I was really surprised to find out at the end of the book that Grisham doesn’t know anything about spies and spy technology. He did a very good job sounding authenic. Only after I read his little revelation about that at the end of the book did I start to spot some things that in retrospect I know spies would not do and events that I know there is no way they could happen that way.

Nothing life-changing about this book. No uplifting moral. Just a fun read.
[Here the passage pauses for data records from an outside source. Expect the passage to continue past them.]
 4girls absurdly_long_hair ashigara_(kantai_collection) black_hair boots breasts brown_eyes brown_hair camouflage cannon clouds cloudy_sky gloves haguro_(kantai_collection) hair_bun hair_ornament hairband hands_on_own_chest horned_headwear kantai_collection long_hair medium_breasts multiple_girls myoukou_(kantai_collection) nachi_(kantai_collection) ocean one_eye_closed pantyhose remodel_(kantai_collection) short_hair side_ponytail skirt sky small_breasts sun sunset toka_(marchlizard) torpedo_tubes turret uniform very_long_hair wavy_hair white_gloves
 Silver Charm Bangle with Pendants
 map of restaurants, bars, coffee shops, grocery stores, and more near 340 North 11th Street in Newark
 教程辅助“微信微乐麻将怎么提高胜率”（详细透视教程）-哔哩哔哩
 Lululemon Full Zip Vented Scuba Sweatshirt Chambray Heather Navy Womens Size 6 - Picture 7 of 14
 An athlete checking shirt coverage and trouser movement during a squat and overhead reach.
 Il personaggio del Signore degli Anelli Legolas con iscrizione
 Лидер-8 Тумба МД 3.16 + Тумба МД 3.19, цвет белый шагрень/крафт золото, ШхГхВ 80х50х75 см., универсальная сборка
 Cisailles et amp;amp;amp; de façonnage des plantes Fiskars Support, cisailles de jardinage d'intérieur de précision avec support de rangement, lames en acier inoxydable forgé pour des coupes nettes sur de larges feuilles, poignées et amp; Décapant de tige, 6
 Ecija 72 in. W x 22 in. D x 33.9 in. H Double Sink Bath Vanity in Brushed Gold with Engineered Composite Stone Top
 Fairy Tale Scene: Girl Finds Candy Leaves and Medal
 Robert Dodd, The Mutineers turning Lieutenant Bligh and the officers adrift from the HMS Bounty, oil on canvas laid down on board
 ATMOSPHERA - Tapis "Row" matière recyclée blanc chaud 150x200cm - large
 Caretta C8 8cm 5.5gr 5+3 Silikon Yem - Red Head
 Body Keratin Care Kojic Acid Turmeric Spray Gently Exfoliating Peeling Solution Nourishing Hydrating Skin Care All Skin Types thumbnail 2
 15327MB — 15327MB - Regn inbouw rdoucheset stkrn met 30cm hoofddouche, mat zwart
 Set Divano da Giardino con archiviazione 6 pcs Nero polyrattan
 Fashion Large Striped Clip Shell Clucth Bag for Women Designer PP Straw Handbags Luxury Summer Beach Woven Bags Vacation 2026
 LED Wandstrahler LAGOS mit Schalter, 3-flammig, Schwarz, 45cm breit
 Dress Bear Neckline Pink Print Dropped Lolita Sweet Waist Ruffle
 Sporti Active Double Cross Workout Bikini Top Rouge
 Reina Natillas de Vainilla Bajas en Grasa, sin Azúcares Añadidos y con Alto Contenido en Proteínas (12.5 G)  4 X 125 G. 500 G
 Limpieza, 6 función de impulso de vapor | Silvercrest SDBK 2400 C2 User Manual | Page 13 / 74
I finished "The Power of One"

/

The good
It was a great story. Great characters. Excellent writing. There are so many gems in that story; Things like, first with the head and then with the heart. SO TRUE! I tend to lead with my heart too often. Abosloodle! What a great word. Actually, I liked everything about the Doc.

The bad
So many unanswered questions. What happened to Hoppie? Did Peekay ever become the welterweight champion of the world? What happened to Miss Borenstien? (she sounded quite hot) What happened to Morrie? Heck, what happened to Peekay? So many vivid characters that I grew to care about and wonder what happened with them.

The Ugly
I hate the way it ended. That whole last book was very depressing in many ways. The rest of the book was so uplifting and then there is this trip to Rhodesia. I know he had to face the judge again but even that wasn’t right. The judge never realized who Peekay was he was gone because of the rage, booze and explosive headaches.
We find out what happened to the Nazi prison guard that killed Guant Peel (sp) but we have no idea what happens with Dee and Dum, Morrie, Gert, Captain Smit, Hoppie, Peekay’s mom and granpa and so many others.
I also did not like the way Peekay deals with his newly arrived hormones. Perhaps I am naive but I really don’t think most boys spank the monkey that much. Most boys direct their energies toward girls. Why didn’t Peekay?


In spite of what I call the bad and the ugly, I still think it is a very good book. Very inspiring and very well written.
I also feel bad about South Africa. Had there been more folks like Peekay there at the end of WWII perhaps apartheid would never had happened. Their bigotry and hate ended up hurting the country more than it “helped”.